:: Provided information

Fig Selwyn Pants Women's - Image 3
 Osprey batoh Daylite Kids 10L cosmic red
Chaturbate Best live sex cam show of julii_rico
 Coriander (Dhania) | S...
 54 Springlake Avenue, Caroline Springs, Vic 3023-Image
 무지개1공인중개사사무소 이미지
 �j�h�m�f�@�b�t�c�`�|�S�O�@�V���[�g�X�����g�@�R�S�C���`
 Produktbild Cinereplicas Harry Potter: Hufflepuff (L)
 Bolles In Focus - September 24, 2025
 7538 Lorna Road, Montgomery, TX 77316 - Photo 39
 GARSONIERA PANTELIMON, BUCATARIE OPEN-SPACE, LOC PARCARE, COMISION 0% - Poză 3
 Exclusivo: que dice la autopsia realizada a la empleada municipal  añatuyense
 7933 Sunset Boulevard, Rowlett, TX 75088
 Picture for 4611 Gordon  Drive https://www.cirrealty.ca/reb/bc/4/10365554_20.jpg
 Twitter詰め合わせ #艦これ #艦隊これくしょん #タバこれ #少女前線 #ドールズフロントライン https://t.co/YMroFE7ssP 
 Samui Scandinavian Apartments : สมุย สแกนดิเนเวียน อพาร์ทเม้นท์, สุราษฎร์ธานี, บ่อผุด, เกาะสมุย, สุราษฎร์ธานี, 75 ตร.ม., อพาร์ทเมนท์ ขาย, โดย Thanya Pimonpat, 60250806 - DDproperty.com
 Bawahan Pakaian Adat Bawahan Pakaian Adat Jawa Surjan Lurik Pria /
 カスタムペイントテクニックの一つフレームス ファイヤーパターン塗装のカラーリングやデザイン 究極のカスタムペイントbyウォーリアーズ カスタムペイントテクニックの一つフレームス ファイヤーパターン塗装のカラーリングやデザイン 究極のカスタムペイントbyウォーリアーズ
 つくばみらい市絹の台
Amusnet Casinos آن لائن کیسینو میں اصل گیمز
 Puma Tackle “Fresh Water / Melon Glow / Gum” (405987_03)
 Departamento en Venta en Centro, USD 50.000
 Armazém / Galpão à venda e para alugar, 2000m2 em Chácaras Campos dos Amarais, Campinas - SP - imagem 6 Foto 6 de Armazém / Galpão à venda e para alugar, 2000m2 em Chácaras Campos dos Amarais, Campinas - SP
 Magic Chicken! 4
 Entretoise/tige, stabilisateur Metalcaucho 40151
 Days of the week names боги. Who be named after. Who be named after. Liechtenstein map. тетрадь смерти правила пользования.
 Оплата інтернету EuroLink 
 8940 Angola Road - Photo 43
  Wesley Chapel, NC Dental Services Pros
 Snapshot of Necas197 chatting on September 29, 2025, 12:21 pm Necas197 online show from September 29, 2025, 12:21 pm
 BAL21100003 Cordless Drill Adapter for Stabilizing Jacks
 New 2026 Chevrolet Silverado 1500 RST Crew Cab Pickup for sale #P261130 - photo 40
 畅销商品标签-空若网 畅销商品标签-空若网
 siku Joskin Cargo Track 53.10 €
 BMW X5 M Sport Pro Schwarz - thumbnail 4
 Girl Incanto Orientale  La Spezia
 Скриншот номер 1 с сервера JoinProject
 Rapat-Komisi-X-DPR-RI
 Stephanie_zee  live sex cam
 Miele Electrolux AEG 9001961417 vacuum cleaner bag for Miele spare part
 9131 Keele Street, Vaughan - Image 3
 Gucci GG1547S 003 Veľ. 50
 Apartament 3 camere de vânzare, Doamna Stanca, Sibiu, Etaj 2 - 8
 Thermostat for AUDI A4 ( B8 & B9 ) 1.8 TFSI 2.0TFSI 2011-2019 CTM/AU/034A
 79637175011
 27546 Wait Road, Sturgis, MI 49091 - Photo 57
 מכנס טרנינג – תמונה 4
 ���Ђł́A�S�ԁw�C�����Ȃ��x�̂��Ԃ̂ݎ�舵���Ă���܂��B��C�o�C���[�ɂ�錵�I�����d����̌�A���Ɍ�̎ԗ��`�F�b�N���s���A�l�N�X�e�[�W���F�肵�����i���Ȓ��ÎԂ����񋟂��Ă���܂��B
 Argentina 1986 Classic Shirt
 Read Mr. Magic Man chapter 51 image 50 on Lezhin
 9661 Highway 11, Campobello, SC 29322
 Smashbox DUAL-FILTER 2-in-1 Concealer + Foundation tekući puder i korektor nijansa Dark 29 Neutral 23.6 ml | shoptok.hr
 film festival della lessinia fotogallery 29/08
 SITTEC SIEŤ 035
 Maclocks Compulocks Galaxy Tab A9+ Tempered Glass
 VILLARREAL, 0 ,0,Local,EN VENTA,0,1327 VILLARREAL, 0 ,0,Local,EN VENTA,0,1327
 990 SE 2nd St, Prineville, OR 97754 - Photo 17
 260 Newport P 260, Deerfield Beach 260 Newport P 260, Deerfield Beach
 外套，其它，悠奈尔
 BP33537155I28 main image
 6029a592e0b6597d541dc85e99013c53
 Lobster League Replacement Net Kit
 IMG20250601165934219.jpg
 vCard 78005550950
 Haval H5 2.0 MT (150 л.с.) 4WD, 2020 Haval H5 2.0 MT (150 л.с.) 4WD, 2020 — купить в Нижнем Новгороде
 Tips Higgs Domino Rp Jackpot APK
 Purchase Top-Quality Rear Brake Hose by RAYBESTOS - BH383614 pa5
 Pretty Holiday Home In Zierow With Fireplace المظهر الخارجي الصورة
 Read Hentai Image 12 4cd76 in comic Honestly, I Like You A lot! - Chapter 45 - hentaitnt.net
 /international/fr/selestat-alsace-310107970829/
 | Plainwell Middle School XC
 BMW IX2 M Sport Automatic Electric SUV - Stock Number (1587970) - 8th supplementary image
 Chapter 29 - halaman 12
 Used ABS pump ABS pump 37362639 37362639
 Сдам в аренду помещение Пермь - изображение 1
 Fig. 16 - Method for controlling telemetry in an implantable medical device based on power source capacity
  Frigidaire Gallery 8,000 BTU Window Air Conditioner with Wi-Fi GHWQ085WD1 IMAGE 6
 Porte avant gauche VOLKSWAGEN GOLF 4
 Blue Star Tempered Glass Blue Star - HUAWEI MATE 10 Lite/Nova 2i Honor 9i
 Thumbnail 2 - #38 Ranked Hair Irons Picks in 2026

::::

▸ **Exercise objective**: In the entries above, find every line with the word "https" and list it.

▸ **Written response**:
 Picture for 4611 Gordon  Drive https://www.cirrealty.ca/reb/bc/4/10365554_20.jpg
 Twitter詰め合わせ #艦これ #艦隊これくしょん #タバこれ #少女前線 #ドールズフロントライン https://t.co/YMroFE7ssP 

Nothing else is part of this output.